Start of DATASET EXTRACT

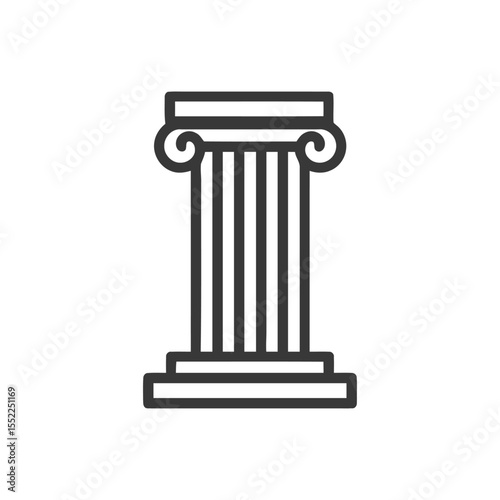 Ionic Column Icon: Classic Architecture, Minimalist Design, Black Outline on White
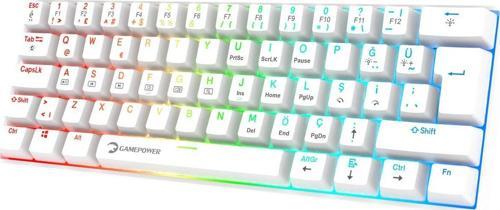 Lyra 60M RGB TKL Blue Switch Kablolu Klavye - Beyaz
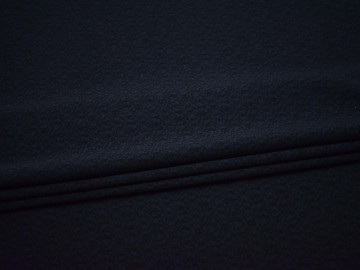 Костюмная фактурная тёмно-синяя ткань полиэстер эластан ГГ526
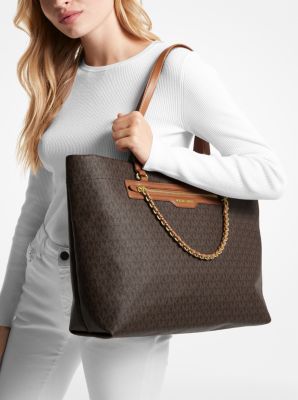  Michael Kors Jet Set Travel Large Logo Tote Bag (Brown Acorn) :  Clothing, Shoes & Jewelry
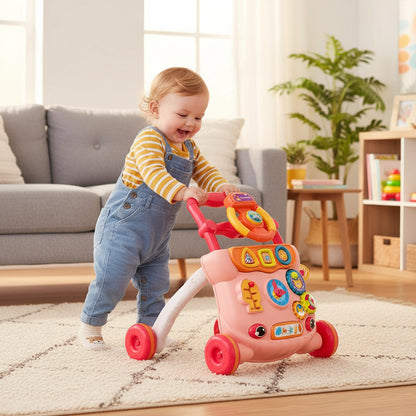 trotteur bébé rose rouge enfant très heureux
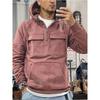Men's Hooded Multi-Pocket Leather Patch Sweatshirt - European & American Style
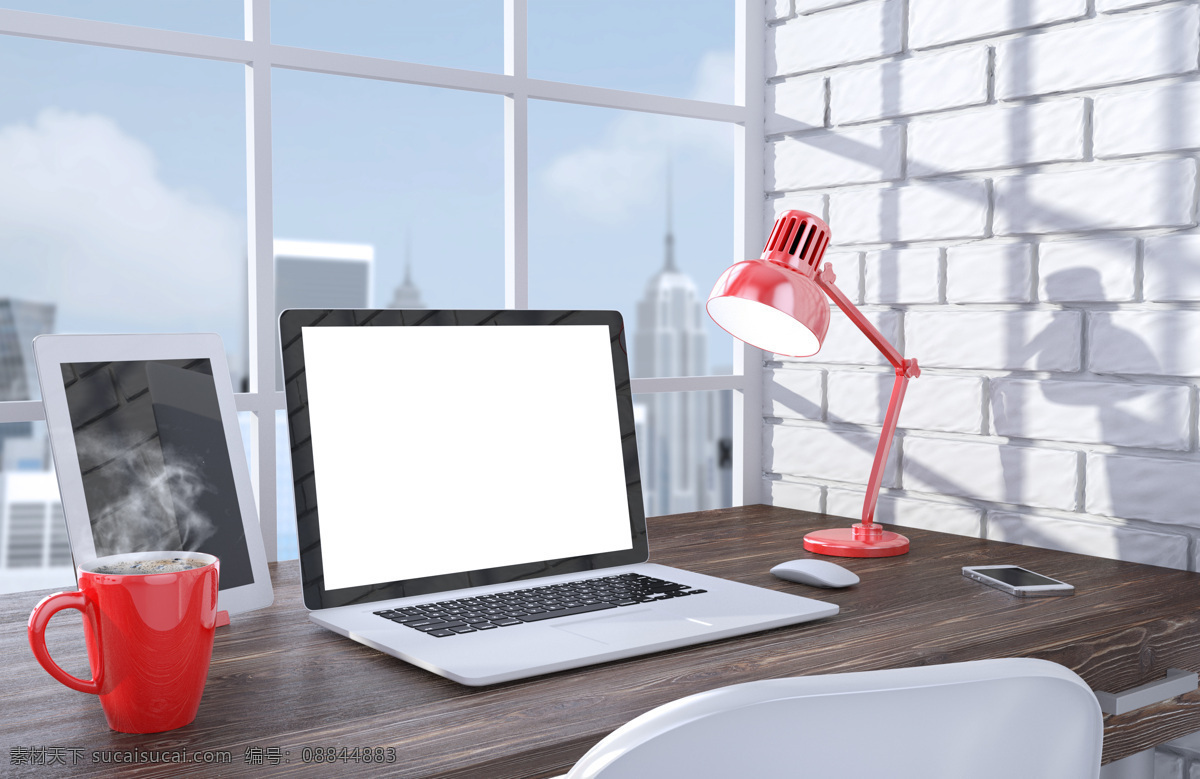 笔记本电脑 笔记本 电脑 办公室 室内 桌椅 窗户 水杯 笔筒 台灯 3d设计 其他模型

End of DATASET EXTRACT

WORK INSTRUCTIONS – Without including any pictures, print all of the material exactly as given.

RESPONSE AREA –
 Ionic Column Icon: Classic Architecture, Minimalist Design, Black Outline on White
 Lyra 60M RGB TKL Blue Switch Kablolu Klavye - Beyaz
 Костюмная фактурная тёмно-синяя ткань полиэстер эластан ГГ526
  Michael Kors Jet Set Travel Large Logo Tote Bag (Brown Acorn) :  Clothing, Shoes & Jewelry
 trotteur bébé rose rouge enfant très heureux
Men's Hooded Multi-Pocket Leather Patch Sweatshirt - European & American Style
 笔记本电脑 笔记本 电脑 办公室 室内 桌椅 窗户 水杯 笔筒 台灯 3d设计 其他模型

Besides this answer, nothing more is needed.